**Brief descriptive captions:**
------

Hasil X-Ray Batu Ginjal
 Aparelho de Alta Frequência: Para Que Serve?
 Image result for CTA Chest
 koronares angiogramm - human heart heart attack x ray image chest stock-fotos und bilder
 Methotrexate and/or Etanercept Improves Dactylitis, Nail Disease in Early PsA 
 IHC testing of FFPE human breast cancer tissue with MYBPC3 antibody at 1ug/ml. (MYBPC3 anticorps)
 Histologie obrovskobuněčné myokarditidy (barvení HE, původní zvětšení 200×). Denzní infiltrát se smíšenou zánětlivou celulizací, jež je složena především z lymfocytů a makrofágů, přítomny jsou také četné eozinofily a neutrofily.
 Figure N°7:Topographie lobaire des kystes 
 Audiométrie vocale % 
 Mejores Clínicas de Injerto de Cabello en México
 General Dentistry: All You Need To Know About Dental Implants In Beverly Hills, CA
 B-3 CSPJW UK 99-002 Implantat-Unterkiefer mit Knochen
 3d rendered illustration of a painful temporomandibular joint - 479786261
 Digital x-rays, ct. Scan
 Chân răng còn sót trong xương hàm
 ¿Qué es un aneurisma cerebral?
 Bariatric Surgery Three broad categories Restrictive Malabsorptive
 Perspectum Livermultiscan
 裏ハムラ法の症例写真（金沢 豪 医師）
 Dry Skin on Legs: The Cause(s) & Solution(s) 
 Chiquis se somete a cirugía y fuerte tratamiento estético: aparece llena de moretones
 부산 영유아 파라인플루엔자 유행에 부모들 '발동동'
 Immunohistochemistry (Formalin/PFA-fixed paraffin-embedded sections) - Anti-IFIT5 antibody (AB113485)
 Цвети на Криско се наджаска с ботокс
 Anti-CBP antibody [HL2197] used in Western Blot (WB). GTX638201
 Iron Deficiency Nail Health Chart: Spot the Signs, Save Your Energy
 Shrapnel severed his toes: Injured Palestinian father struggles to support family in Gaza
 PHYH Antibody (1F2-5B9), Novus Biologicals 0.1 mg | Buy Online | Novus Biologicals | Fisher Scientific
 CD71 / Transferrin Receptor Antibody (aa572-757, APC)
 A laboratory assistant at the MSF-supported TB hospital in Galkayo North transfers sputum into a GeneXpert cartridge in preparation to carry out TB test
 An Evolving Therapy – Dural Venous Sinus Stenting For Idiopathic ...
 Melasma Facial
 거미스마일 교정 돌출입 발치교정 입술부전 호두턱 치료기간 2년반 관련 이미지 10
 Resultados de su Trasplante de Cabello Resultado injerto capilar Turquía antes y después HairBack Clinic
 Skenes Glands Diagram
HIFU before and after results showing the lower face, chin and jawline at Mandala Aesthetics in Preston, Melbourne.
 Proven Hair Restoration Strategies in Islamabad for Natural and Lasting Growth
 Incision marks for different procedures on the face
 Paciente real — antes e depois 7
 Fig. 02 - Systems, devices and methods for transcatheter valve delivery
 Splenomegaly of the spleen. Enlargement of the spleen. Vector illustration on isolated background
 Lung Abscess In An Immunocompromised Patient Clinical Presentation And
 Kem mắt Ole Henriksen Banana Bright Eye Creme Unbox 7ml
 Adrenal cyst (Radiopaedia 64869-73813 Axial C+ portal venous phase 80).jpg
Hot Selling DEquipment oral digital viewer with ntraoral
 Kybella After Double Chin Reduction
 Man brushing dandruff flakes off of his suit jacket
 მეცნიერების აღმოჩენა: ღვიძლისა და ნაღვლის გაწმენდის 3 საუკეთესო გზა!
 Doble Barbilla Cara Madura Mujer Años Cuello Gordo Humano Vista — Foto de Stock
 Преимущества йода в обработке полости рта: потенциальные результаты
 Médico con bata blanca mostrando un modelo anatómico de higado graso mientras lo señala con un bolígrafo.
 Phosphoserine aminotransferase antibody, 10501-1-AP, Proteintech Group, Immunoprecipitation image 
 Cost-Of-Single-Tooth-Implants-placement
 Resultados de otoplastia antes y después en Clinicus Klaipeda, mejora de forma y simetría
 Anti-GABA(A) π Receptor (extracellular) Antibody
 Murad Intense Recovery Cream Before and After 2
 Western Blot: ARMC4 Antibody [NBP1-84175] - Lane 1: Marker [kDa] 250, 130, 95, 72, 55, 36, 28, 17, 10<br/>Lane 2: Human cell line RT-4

------

**ASSIGNMENT:**
Quote exactly and only the lines from the one holding "Doble Barbilla Cara" through the end of the data.

**EXERCISE SOLUTION:**
 Doble Barbilla Cara Madura Mujer Años Cuello Gordo Humano Vista — Foto de Stock
 Преимущества йода в обработке полости рта: потенциальные результаты
 Médico con bata blanca mostrando un modelo anatómico de higado graso mientras lo señala con un bolígrafo.
 Phosphoserine aminotransferase antibody, 10501-1-AP, Proteintech Group, Immunoprecipitation image 
 Cost-Of-Single-Tooth-Implants-placement
 Resultados de otoplastia antes y después en Clinicus Klaipeda, mejora de forma y simetría
 Anti-GABA(A) π Receptor (extracellular) Antibody
 Murad Intense Recovery Cream Before and After 2
 Western Blot: ARMC4 Antibody [NBP1-84175] - Lane 1: Marker [kDa] 250, 130, 95, 72, 55, 36, 28, 17, 10<br/>Lane 2: Human cell line RT-4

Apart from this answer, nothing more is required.